Similar themes have surfaced during the recent dialogue surrounding systemic racism in Corporate Canada: for example, the lack of internal data being collected on employees, based on race and ethnicity.

“Some companies are still not even doing that. And that’s required to be reviewed in order for you to have a real understanding about where is this glass ceiling that is stopping black professionals from moving up in your company,” Meryl Afrika, president of the Canadian Association of Urban Financial Professionals (CAUFP), told BNN Bloomberg in June.

It has been more than six years since Canada’s biggest securities regulator, the Ontario Securities Commission (OSC), unveiled a comply-or-explain rule, requiring most TSX-listed companies to disclose how many women are on their board and in executive roles.

As of last year, the total number of board seats occupied by women in Canada stood at 17 per cent, according to a report by the Canadian Securities Administrators. That compares to 11 per cent in 2015.

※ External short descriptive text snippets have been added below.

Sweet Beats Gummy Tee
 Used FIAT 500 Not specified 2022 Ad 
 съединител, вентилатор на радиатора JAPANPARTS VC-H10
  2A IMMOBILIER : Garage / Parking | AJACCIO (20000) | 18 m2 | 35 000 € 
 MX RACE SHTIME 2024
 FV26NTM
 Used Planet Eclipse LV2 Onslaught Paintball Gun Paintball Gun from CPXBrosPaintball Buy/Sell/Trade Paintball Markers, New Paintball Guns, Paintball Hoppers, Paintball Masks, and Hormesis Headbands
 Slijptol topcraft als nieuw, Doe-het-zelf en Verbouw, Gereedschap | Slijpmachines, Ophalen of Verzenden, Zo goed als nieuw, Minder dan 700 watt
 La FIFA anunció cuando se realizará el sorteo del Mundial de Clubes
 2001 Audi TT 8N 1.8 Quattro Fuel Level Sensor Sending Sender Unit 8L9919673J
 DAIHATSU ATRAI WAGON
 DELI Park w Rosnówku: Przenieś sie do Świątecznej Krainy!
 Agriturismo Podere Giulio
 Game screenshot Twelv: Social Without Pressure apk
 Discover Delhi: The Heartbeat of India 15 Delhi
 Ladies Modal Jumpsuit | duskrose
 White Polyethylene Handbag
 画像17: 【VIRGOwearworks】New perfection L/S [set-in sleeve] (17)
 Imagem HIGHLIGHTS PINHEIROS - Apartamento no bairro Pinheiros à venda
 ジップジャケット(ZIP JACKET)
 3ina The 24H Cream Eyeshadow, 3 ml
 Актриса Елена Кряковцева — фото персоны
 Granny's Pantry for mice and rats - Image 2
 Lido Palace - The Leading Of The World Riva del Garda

“I think boards of directors have made progress but there are still very few chairs of boards that are populated with women,” Carol Stephenson told BNN Bloomberg.

In fact, BNN Bloomberg’s review of the 100 most influential TSX companies reveals a much lower percentage of women serving in the chair role, compared to serving on the board itself: 10 of the 100 companies identified by BNN Bloomberg currently have a woman serving as board chair or co-chair. That’s a modest improvement from six women in 2018. Companies on the list include Royal Bank of Canada, Canadian Pacific Railway Ltd., Canadian Tire Corp. and Emera Inc. Earlier this year, Teck Resources Ltd. and Canopy Growth Corp. named Sheila Murray and Judy Schmeling to their respective chair roles.

What’s also startling about the slow progress is that top investors have been calling on the Canadian companies they invest in to make swift changes.

In 2017, a group of Canadian institutional investors managing more than $2 trillion in net assets publicly pushed for 30 per cent representation of women on boards and executive management teams of S&P/TSX Composite Index companies by 2022.

“Boards have been putting way more pressure on their organizations in the past six months,” said Caldwell search executive Kelly Blair. “We’re seeing in our searches a real demand for diversity.”

One major hurdle, meanwhile, could be COVID-19. While companies have proven in recent months that they can move quickly to change when they need to, the pandemic has threatened to derail years of progress for women in the workforce. 

“This particular economic challenge our country is facing - the economic challenge created by the coronavirus - is hitting women particularly hard,” Freeland said during her opening remarks as finance minister. “It’s hitting mothers particularly hard. We are seeing women’s participation in the workforce fall very sharply.”

Veteran board member Carol Stephenson says that fact is all the more reason not to lose sight of the objective to even the playing field in Corporate Canada.

“There are some signs that COVID-19 may impact women in business more than men. I hope our pipeline of talented women does not shrink as a result of COVID-19.”